In short, the OBR concludes, the government is borrowing more up front to bring forward economic activity that might have occurred in later years, without changing anything substantive about the country’s real ability to generate wealth.
There was, however, one counterpoint to this rather gloomy picture and it is an important one. That was the decision to raise capital spending. Reeves began her tenure, in July, by slashing infrastructure projects, a bizarre act for a chancellor who claimed to want greater prosperity. But in the budget, rather than allowing public investment to shrink, as the Tories had planned, she has now found the money to keep it at a higher level for the length of this parliament. This includes a big expansion of capital spending in the health service, one of the few tangible ways in which the government has shown an interest in improving its performance. In her decisions on capital spending, then, Reeves is at least partly following through on her promise to prioritise growth.

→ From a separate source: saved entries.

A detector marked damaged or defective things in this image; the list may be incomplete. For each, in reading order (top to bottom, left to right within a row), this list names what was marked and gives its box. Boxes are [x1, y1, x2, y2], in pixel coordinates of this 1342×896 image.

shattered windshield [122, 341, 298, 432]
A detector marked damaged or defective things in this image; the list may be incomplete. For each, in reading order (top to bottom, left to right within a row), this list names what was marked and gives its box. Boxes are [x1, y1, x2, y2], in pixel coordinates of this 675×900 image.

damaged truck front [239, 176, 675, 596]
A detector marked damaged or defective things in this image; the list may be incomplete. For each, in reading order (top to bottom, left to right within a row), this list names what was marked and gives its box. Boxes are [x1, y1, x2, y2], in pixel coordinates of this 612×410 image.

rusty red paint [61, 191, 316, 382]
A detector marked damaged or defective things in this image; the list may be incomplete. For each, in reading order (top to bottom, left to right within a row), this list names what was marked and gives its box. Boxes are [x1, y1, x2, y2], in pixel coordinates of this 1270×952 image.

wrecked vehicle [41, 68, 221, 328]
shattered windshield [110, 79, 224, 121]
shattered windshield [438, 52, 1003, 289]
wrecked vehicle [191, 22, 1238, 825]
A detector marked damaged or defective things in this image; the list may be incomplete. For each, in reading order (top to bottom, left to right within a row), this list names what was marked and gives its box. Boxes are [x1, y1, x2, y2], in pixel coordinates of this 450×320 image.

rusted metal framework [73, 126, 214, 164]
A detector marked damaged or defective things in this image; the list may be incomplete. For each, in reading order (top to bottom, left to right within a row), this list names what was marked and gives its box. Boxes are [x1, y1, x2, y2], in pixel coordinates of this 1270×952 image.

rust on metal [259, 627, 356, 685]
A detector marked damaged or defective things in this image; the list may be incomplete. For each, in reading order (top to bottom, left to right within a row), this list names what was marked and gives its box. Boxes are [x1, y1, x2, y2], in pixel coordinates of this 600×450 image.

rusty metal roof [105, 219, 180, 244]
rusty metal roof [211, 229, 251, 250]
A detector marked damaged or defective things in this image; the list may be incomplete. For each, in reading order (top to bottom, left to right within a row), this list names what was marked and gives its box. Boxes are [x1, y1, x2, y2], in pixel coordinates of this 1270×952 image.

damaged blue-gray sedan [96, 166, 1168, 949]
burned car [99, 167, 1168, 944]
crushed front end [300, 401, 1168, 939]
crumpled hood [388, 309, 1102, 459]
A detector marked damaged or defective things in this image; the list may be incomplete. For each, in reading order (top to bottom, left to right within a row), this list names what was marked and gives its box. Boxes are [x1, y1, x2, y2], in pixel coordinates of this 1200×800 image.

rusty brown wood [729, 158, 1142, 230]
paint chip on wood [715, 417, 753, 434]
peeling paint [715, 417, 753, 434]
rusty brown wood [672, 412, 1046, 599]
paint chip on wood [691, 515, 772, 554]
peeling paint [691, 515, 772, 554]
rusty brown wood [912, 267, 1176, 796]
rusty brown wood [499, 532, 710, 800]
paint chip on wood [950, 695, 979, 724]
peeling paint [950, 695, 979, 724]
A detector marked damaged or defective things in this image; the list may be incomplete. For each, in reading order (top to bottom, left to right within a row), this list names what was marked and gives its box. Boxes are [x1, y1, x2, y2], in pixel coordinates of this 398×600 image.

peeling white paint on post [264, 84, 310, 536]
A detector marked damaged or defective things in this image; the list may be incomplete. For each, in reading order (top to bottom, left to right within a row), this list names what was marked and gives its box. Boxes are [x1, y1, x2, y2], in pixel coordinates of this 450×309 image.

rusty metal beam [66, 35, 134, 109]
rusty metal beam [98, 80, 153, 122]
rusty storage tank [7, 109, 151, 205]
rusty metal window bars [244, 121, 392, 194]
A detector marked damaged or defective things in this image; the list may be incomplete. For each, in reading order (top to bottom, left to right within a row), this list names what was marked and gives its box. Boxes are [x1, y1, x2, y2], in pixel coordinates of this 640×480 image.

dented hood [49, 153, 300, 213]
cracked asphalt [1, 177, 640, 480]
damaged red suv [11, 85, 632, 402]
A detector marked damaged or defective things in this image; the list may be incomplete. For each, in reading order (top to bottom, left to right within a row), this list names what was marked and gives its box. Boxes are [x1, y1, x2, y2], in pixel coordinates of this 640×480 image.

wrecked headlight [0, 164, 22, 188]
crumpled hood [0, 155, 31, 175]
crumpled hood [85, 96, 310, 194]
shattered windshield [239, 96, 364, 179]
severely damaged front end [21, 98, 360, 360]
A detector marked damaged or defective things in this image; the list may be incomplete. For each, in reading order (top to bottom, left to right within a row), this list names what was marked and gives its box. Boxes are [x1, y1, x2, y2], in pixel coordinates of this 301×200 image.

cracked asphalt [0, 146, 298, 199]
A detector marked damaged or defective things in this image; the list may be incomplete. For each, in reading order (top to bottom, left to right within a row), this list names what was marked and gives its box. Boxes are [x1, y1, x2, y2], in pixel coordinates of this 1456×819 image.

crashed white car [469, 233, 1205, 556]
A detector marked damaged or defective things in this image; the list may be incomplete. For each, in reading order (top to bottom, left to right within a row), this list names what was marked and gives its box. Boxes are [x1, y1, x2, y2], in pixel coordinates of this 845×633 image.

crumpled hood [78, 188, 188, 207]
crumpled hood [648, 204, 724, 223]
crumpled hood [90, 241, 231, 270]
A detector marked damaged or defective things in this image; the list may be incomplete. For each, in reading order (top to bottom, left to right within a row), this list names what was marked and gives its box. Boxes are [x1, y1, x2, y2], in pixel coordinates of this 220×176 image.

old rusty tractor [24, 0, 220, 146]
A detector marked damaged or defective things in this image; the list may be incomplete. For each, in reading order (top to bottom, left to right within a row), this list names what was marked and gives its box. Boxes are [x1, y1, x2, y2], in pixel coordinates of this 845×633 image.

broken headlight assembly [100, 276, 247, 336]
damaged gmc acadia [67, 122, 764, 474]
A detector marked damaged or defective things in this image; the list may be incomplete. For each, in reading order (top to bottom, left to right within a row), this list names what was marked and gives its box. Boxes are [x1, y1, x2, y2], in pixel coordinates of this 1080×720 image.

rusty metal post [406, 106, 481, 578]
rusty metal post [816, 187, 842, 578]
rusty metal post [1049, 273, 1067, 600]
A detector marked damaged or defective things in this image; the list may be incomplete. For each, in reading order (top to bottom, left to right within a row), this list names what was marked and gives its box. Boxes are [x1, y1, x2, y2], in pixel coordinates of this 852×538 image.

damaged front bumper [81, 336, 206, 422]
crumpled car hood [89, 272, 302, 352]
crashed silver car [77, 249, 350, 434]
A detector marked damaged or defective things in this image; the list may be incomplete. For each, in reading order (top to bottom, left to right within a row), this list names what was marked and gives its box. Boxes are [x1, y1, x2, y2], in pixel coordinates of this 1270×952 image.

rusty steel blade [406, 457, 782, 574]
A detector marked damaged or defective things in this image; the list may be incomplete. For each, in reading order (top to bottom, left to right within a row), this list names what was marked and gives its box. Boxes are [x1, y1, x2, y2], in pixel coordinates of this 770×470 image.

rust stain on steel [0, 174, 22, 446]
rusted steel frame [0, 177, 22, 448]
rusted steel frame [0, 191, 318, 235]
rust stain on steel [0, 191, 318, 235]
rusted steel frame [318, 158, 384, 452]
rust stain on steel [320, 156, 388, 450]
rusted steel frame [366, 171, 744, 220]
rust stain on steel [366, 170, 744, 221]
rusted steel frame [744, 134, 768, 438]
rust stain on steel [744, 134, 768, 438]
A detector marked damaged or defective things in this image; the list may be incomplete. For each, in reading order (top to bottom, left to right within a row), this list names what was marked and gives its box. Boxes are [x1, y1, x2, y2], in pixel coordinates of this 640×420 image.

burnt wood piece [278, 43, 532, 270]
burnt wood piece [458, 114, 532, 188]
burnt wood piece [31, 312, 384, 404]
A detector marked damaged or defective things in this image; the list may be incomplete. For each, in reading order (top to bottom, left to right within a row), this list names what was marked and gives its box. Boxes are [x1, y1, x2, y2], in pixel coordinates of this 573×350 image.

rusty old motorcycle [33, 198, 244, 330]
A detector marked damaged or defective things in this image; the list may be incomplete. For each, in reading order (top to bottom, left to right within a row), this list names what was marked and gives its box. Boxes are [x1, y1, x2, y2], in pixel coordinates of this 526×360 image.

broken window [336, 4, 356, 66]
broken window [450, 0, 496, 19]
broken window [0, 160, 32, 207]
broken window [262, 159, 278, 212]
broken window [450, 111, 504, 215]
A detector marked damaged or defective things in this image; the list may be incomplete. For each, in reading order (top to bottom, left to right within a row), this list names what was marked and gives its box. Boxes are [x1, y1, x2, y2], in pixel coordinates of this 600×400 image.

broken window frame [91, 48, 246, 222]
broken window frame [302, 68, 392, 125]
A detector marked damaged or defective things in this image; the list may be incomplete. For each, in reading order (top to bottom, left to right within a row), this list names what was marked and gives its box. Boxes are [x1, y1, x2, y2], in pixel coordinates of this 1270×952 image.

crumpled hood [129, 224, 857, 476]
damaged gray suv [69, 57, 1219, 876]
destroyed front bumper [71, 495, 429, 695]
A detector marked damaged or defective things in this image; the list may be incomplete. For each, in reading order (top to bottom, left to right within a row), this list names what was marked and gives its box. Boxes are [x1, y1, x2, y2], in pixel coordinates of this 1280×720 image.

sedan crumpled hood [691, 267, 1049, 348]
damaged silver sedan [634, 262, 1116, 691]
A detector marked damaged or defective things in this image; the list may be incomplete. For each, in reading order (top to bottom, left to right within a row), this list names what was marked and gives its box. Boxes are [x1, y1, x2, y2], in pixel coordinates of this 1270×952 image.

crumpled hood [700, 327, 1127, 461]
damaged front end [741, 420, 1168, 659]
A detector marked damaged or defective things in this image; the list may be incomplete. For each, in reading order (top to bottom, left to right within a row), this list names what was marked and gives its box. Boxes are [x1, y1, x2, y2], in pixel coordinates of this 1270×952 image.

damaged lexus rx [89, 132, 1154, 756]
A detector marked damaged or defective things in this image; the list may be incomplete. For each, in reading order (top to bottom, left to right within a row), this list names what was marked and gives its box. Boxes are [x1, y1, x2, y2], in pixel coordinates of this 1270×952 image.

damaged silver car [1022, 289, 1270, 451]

But this brings us back to digging holes. Productive investment is not just about what you spend — how many holes the government can make us dig — but whether these resources are spent wisely. The OBR’s current model assumes that higher government investment will largely displace private sector investment: if both are competing for a fixed supply of workers and resources, after all, the overall production of houses or infrastructure or services does not necessarily rise.
But why should the supply be fixed? It is only fixed because incentives to reallocate resources, assess opportunities, train new staff and deploy capital are thwarted, in both public and private sectors, by our dire planning system, bad management, poorly designed environmental regulation, high energy costs, expensive housing, a terrible migration policy and so on.
If the government can address some of these problems, in part by spending wisely on capital investments like roads and power plants, then, as the OBR predicts, Britain’s potential growth rate can rise over time. That timescale, however, runs beyond the electoral cycle, which is why governments facing tight finances always end up cutting their long-term capital budgets. Reeves has refrained from doing so and, for that decision, should be applauded.
For 16 years British fiscal policy has been a story of servicing pensioners at the cost of everyone else. George Osborne chose to visit pain upon the country via spending cuts. Reeves is doing so with large tax rises on the working population. But even with £40 billion of new tax rises and a slug of extra borrowing, the numbers are barely adding up any more.
This ought to have been a budget aimed single-mindedly at changing the game by betting everything on growth. Instead, growth played a distant second fiddle to spending. In the long run, it won’t be enough.